By reading the code and observing the monitoring information in information_schema.innodb_metrics, I located the root cause of the problem. So let me first explain the reason of this bug through code.

1. First and most important, innodb will calc lsn_avg_rate every innodb_flushing_avg_loops(default 30) seconds.

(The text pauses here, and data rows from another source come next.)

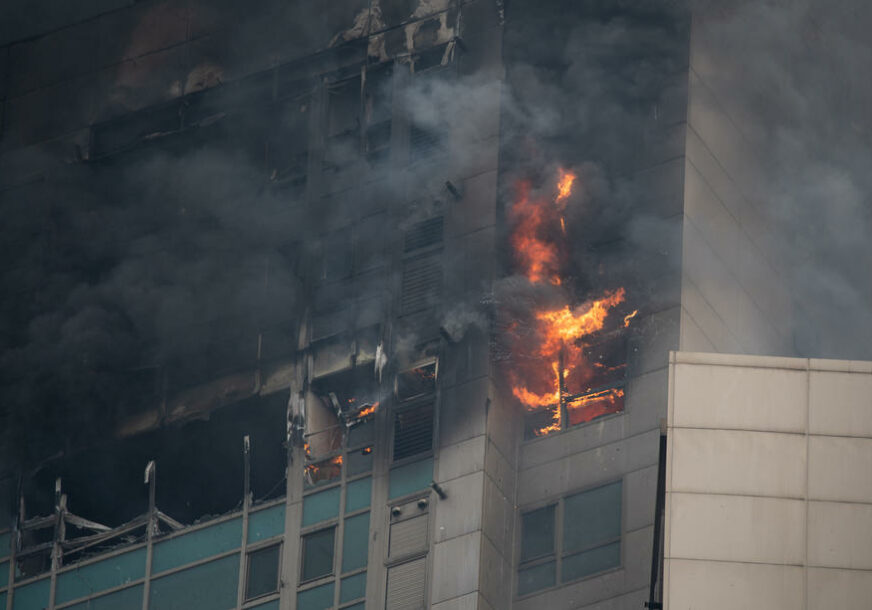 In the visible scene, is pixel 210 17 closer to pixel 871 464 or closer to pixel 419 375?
pixel 419 375

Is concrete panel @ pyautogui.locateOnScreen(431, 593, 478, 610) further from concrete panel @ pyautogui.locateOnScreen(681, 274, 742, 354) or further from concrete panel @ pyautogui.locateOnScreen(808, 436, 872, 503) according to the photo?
concrete panel @ pyautogui.locateOnScreen(808, 436, 872, 503)

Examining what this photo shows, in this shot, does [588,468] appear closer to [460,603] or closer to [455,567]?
[455,567]

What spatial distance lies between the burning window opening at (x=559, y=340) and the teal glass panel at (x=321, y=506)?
572 cm

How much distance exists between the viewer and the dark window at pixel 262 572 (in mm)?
55594

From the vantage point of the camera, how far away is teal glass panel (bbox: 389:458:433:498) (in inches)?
2096

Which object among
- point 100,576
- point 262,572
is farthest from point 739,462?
point 100,576

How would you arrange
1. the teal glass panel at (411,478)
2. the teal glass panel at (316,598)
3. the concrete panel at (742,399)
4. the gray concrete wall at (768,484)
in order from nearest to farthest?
1. the gray concrete wall at (768,484)
2. the concrete panel at (742,399)
3. the teal glass panel at (411,478)
4. the teal glass panel at (316,598)

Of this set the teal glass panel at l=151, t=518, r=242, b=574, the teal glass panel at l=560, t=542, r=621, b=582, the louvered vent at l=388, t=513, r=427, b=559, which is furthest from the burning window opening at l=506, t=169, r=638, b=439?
the teal glass panel at l=151, t=518, r=242, b=574

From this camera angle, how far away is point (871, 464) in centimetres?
3450

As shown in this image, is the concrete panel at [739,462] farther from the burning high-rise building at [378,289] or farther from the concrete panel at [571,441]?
the concrete panel at [571,441]

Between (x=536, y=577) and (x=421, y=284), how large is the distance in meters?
9.34

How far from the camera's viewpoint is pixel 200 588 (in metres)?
56.8

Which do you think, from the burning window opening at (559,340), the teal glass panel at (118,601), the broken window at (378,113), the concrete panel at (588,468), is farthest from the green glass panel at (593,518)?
the teal glass panel at (118,601)

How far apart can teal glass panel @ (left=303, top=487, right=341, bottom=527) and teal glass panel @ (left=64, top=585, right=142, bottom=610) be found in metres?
6.16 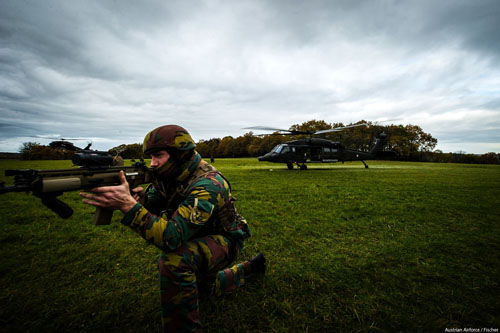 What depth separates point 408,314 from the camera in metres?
2.12

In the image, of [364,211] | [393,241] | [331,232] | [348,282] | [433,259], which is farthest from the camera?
[364,211]

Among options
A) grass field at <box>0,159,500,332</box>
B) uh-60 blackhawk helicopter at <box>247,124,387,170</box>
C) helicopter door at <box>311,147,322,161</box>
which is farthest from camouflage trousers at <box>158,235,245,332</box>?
helicopter door at <box>311,147,322,161</box>

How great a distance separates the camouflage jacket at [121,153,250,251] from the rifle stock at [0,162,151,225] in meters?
0.42

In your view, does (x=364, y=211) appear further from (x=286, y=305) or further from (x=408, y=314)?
(x=286, y=305)

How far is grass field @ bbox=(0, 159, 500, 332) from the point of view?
2.07 meters

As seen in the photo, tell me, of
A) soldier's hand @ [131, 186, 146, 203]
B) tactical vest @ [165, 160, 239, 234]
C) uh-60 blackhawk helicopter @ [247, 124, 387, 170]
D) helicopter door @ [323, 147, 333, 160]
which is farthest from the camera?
helicopter door @ [323, 147, 333, 160]

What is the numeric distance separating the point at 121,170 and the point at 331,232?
394 centimetres

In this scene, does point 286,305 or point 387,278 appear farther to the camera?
point 387,278

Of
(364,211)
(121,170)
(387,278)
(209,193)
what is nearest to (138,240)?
(121,170)

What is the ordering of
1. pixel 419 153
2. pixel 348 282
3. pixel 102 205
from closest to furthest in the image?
pixel 102 205
pixel 348 282
pixel 419 153

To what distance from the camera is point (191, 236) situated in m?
1.96

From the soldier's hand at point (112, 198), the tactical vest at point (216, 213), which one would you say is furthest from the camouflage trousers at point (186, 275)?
the soldier's hand at point (112, 198)

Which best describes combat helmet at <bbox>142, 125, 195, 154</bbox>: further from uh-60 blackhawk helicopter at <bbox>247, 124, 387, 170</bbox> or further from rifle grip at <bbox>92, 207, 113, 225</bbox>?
uh-60 blackhawk helicopter at <bbox>247, 124, 387, 170</bbox>

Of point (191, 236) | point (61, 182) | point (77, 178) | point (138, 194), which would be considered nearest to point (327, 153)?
point (138, 194) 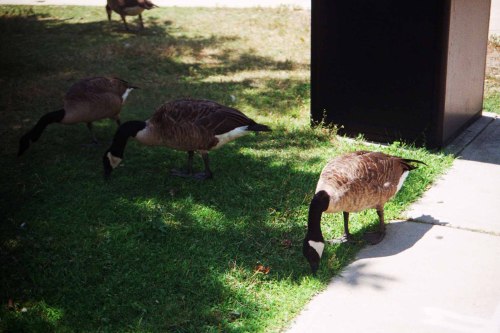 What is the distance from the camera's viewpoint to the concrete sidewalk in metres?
4.08

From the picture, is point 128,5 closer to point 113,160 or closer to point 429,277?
point 113,160

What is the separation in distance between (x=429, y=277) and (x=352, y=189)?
90 centimetres

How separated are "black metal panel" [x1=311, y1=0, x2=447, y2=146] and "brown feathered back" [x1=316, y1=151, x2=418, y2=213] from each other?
1.94 metres

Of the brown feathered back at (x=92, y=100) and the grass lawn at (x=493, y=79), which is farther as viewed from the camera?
the grass lawn at (x=493, y=79)

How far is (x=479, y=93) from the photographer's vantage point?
316 inches

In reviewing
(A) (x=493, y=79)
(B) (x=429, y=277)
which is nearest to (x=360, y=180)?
(B) (x=429, y=277)

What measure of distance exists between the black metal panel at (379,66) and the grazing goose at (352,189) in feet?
6.13

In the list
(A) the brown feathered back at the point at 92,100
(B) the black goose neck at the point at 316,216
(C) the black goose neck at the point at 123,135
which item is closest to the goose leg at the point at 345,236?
(B) the black goose neck at the point at 316,216

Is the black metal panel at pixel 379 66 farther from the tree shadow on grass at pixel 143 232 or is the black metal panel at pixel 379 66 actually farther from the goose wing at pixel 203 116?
the goose wing at pixel 203 116

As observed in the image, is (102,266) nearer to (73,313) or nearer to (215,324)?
(73,313)

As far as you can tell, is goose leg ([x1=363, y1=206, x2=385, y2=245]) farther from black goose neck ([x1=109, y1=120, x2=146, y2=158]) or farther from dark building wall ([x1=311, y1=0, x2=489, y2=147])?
black goose neck ([x1=109, y1=120, x2=146, y2=158])

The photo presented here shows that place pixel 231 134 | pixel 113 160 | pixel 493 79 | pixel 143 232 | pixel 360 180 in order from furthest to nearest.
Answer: pixel 493 79
pixel 113 160
pixel 231 134
pixel 143 232
pixel 360 180

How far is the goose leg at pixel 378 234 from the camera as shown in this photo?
515 cm

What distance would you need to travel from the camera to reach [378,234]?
5.21 meters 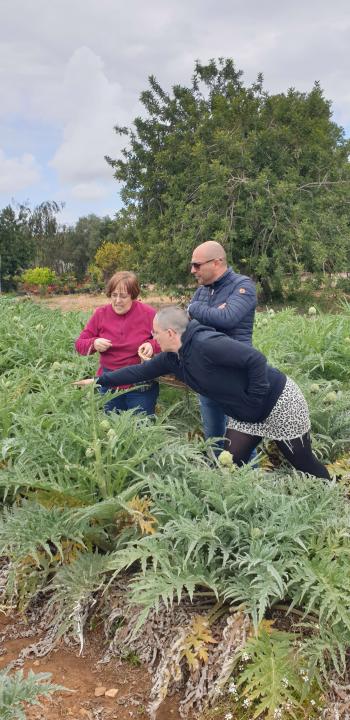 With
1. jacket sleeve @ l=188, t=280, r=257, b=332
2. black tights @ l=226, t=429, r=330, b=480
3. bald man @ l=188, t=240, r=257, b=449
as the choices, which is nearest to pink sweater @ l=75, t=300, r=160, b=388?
bald man @ l=188, t=240, r=257, b=449

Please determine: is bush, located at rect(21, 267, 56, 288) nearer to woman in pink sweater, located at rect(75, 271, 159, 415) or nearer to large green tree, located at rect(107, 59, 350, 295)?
large green tree, located at rect(107, 59, 350, 295)

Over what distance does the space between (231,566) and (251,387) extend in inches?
36.4

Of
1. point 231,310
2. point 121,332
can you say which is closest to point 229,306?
point 231,310

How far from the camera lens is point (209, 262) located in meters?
3.53

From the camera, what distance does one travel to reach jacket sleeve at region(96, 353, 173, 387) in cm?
338

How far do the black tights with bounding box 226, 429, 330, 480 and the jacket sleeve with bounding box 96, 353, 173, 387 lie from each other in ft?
1.61

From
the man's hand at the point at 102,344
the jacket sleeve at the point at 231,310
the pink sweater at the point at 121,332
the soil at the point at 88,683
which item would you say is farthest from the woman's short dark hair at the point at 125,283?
the soil at the point at 88,683

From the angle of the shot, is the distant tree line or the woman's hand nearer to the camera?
the woman's hand

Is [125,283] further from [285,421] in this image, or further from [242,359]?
[285,421]

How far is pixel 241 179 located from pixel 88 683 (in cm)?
1423

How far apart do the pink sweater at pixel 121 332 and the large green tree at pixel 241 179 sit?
11.0 metres

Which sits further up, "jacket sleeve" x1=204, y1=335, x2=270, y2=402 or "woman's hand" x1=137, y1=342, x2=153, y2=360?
"jacket sleeve" x1=204, y1=335, x2=270, y2=402

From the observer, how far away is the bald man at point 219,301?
349 cm

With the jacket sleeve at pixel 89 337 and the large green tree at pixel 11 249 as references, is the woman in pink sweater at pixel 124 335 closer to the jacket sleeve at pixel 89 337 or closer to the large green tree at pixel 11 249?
the jacket sleeve at pixel 89 337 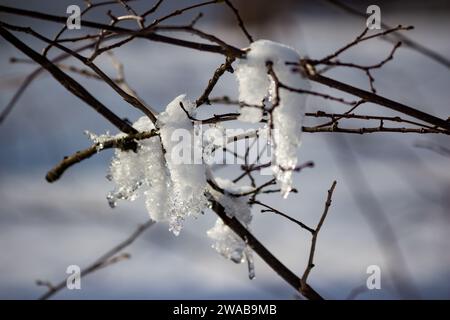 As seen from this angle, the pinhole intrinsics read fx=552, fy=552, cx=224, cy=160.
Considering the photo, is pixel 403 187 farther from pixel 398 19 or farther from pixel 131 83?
pixel 131 83

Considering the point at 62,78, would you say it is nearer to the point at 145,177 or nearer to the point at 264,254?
the point at 145,177

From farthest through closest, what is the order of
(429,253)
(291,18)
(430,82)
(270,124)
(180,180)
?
1. (291,18)
2. (430,82)
3. (429,253)
4. (180,180)
5. (270,124)

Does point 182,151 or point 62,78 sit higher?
point 62,78

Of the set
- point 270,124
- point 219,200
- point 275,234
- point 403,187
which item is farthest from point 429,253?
point 270,124

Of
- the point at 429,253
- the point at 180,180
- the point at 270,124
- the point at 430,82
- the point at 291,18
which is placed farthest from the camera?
the point at 291,18

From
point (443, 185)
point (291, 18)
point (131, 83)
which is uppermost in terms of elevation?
point (291, 18)

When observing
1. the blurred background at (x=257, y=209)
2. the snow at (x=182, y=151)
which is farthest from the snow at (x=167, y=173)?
the blurred background at (x=257, y=209)

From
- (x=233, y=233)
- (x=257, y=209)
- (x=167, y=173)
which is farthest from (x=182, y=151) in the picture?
(x=257, y=209) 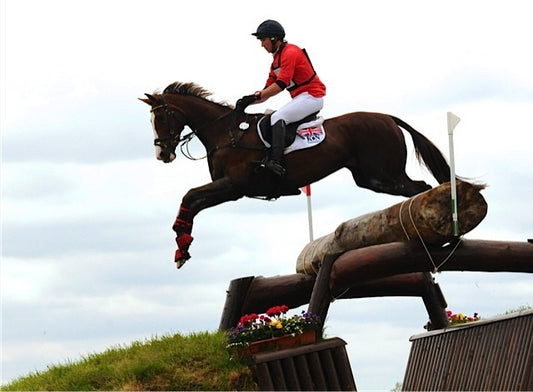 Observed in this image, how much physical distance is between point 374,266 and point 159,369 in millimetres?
2476

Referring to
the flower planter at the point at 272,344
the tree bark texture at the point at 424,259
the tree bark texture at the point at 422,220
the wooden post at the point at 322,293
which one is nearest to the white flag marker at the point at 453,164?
the tree bark texture at the point at 422,220

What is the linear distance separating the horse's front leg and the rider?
2.06 feet

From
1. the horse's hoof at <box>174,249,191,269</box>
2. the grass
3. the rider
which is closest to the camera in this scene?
the grass

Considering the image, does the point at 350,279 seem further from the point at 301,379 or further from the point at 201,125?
the point at 201,125

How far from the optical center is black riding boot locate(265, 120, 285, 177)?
43.2 ft

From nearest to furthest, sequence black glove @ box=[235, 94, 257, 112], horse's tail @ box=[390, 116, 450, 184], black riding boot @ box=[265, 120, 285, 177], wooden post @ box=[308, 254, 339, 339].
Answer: wooden post @ box=[308, 254, 339, 339], black riding boot @ box=[265, 120, 285, 177], black glove @ box=[235, 94, 257, 112], horse's tail @ box=[390, 116, 450, 184]

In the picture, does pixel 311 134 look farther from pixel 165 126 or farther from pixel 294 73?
pixel 165 126

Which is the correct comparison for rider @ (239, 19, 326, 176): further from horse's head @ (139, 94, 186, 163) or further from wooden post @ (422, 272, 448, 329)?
wooden post @ (422, 272, 448, 329)

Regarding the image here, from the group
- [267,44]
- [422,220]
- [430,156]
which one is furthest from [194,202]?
[430,156]

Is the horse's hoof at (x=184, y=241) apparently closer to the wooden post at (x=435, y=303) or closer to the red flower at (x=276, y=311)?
the red flower at (x=276, y=311)

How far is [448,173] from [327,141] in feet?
5.25

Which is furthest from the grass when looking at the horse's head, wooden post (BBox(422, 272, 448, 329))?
wooden post (BBox(422, 272, 448, 329))

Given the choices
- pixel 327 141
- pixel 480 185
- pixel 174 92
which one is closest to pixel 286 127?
pixel 327 141

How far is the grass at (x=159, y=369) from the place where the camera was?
468 inches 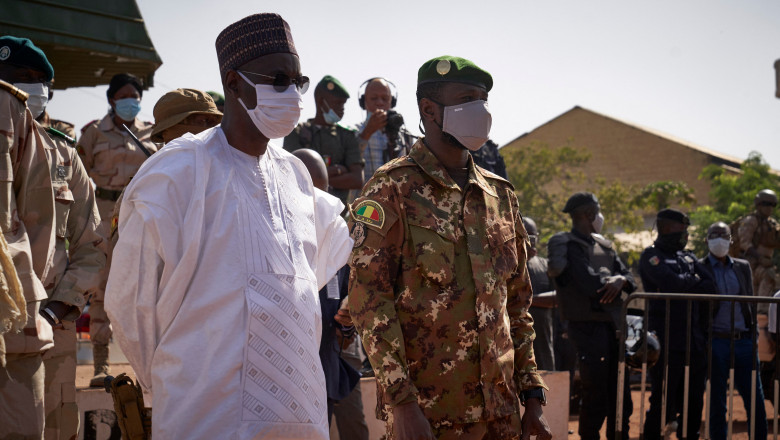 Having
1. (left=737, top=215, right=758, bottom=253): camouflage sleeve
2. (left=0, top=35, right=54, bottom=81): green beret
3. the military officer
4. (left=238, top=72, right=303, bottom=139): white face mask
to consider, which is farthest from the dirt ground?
(left=238, top=72, right=303, bottom=139): white face mask

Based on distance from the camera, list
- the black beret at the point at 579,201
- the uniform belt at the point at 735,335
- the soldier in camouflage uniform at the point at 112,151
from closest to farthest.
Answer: the soldier in camouflage uniform at the point at 112,151, the black beret at the point at 579,201, the uniform belt at the point at 735,335

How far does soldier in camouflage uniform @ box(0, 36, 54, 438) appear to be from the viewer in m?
3.40

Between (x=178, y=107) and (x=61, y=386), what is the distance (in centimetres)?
160

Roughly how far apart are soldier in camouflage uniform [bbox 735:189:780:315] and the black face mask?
472 cm

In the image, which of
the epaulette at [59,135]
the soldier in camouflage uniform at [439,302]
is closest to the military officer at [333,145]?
the epaulette at [59,135]

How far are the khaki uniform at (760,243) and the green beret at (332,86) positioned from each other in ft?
25.3

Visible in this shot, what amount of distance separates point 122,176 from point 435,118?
3716 mm

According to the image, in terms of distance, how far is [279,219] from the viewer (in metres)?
2.92

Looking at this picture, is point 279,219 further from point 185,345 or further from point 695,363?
point 695,363

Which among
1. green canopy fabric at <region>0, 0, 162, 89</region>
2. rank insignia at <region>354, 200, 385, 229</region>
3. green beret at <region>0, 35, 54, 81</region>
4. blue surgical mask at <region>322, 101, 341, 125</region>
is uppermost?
green canopy fabric at <region>0, 0, 162, 89</region>

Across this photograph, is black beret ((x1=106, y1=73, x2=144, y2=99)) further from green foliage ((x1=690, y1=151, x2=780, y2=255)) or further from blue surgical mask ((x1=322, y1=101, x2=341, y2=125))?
green foliage ((x1=690, y1=151, x2=780, y2=255))

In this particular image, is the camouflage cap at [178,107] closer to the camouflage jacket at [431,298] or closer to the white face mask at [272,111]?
the camouflage jacket at [431,298]

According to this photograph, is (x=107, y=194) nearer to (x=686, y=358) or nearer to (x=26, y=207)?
(x=26, y=207)

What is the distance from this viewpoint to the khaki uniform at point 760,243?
1273 centimetres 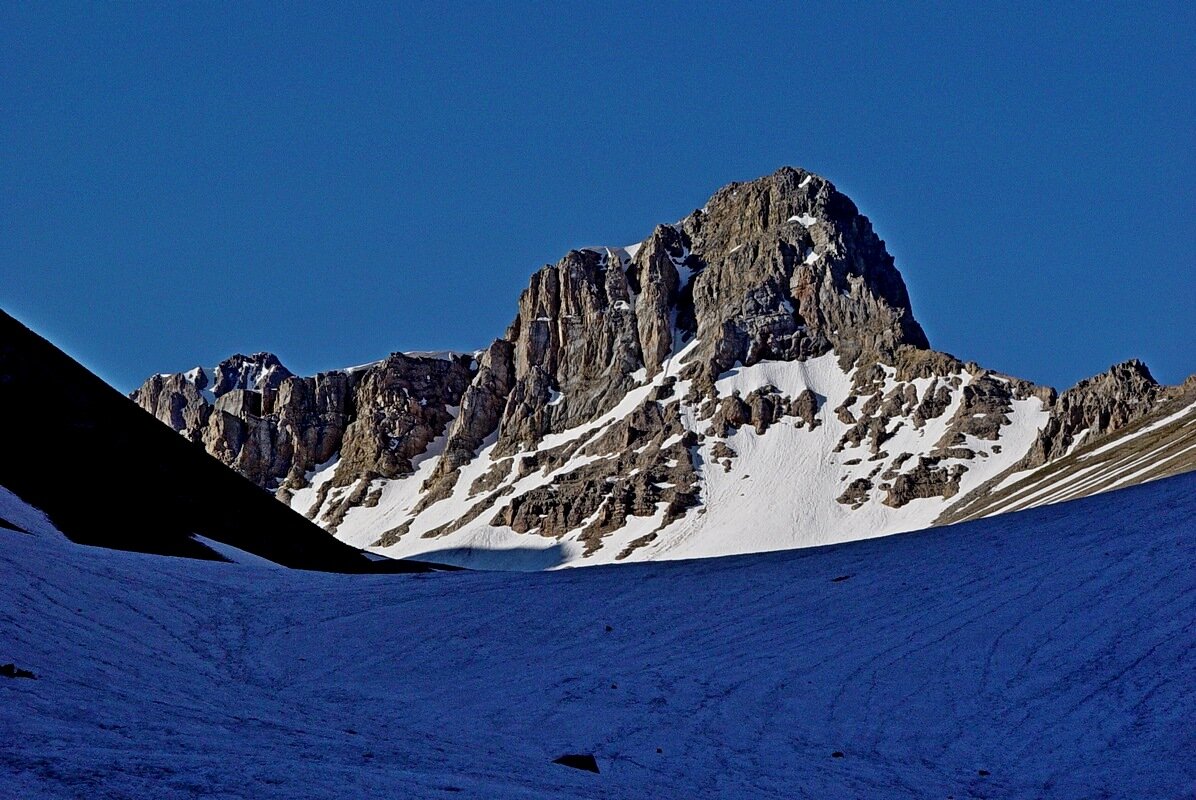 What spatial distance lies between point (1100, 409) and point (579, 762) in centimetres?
15063

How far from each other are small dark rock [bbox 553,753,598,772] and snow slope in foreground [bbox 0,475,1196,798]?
57 centimetres

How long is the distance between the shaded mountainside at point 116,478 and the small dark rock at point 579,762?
120ft

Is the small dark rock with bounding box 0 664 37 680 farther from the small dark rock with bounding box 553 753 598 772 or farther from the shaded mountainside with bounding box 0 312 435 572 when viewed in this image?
the shaded mountainside with bounding box 0 312 435 572

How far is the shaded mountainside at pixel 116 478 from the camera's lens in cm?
5350

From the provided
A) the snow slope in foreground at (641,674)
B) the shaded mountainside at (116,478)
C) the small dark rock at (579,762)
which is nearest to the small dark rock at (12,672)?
the snow slope in foreground at (641,674)

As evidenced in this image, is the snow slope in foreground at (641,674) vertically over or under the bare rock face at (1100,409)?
under

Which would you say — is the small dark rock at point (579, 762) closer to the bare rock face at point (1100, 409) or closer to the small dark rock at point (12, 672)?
the small dark rock at point (12, 672)

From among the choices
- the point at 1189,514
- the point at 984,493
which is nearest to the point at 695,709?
the point at 1189,514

When server started up from crash recovery, the value of lsn_avg_rate is always 0 in first innodb_flushing_avg_loops seconds.

2. In Adaptive_flush::set_flush_target_by_lsn, innodb will calc target_lsn in the way below:
"
  target_lsn = oldest_lsn + lsn_avg_rate * buf_flush_lsn_scan_factor;
"
Since lsn_avg_rate is 0, target_lsn is equal to oldest_lsn, and there are almost no dirty pages with LSN less than this value.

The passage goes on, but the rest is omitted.